● **Exercise aim**: Dropping every picture, set down exactly the lines in the entries below, starting with the line with "Black Twisted Headband" and going on through the line with "病院で働く若い女性看護師 病院で働く若い女性看護師 105649215".

● **Input records**:
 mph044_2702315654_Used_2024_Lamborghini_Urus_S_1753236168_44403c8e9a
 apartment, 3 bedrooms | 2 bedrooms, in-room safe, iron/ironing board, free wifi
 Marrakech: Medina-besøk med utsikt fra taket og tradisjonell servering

...

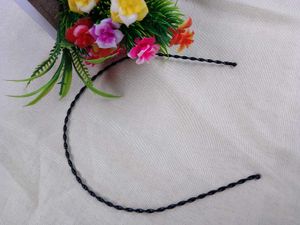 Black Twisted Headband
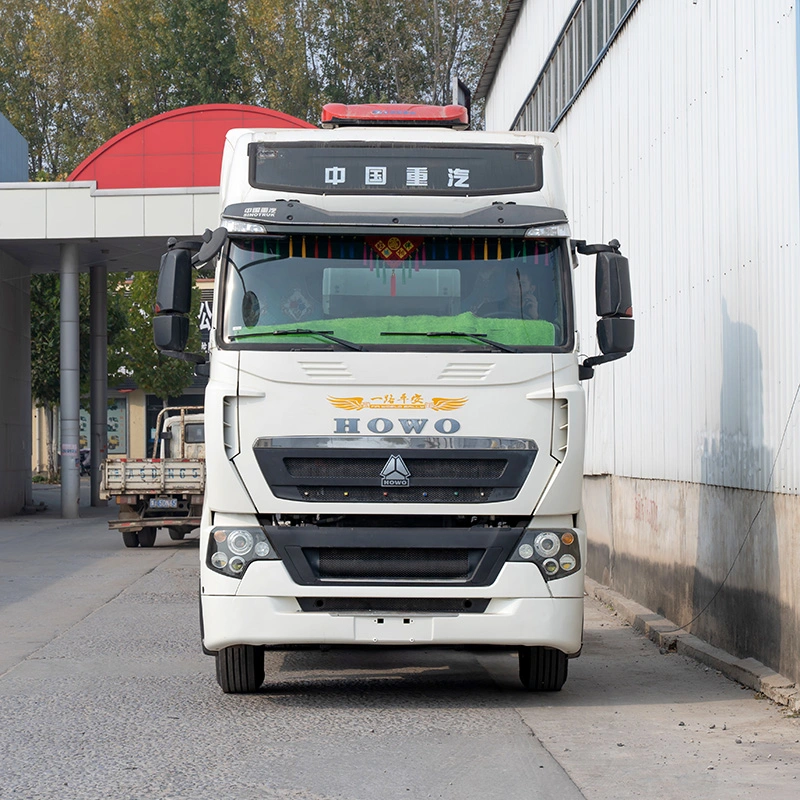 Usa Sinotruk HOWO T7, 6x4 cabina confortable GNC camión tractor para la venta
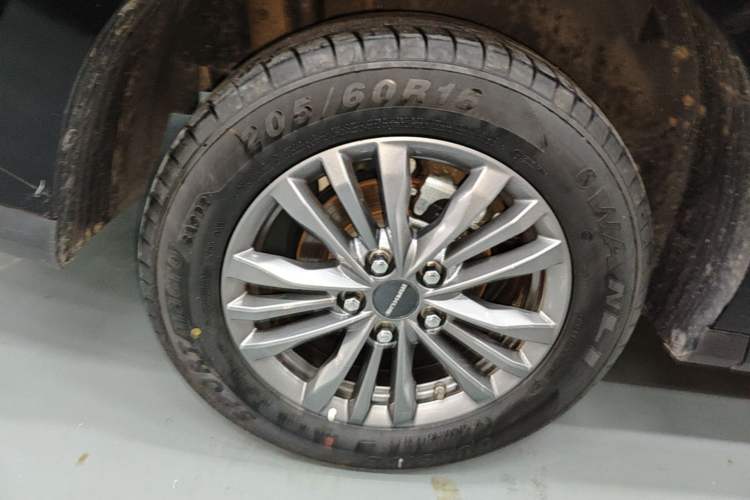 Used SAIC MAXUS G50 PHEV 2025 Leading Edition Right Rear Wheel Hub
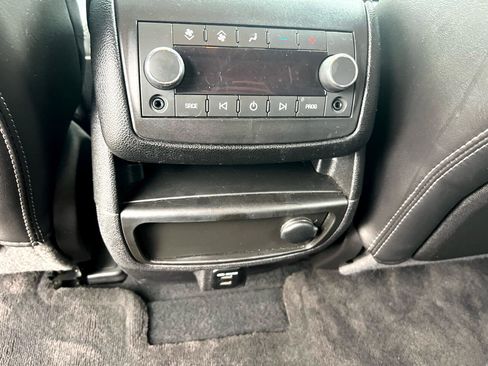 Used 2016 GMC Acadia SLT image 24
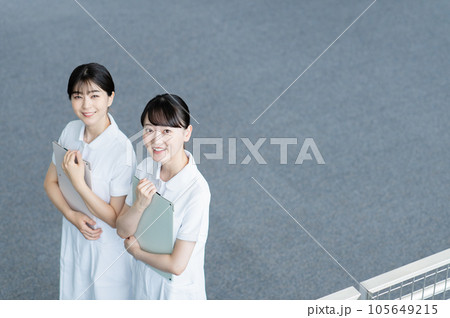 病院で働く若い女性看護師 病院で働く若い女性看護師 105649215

● **Reply**:
 Black Twisted Headband
 Usa Sinotruk HOWO T7, 6x4 cabina confortable GNC camión tractor para la venta
 Used SAIC MAXUS G50 PHEV 2025 Leading Edition Right Rear Wheel Hub
 Used 2016 GMC Acadia SLT image 24
 病院で働く若い女性看護師 病院で働く若い女性看護師 105649215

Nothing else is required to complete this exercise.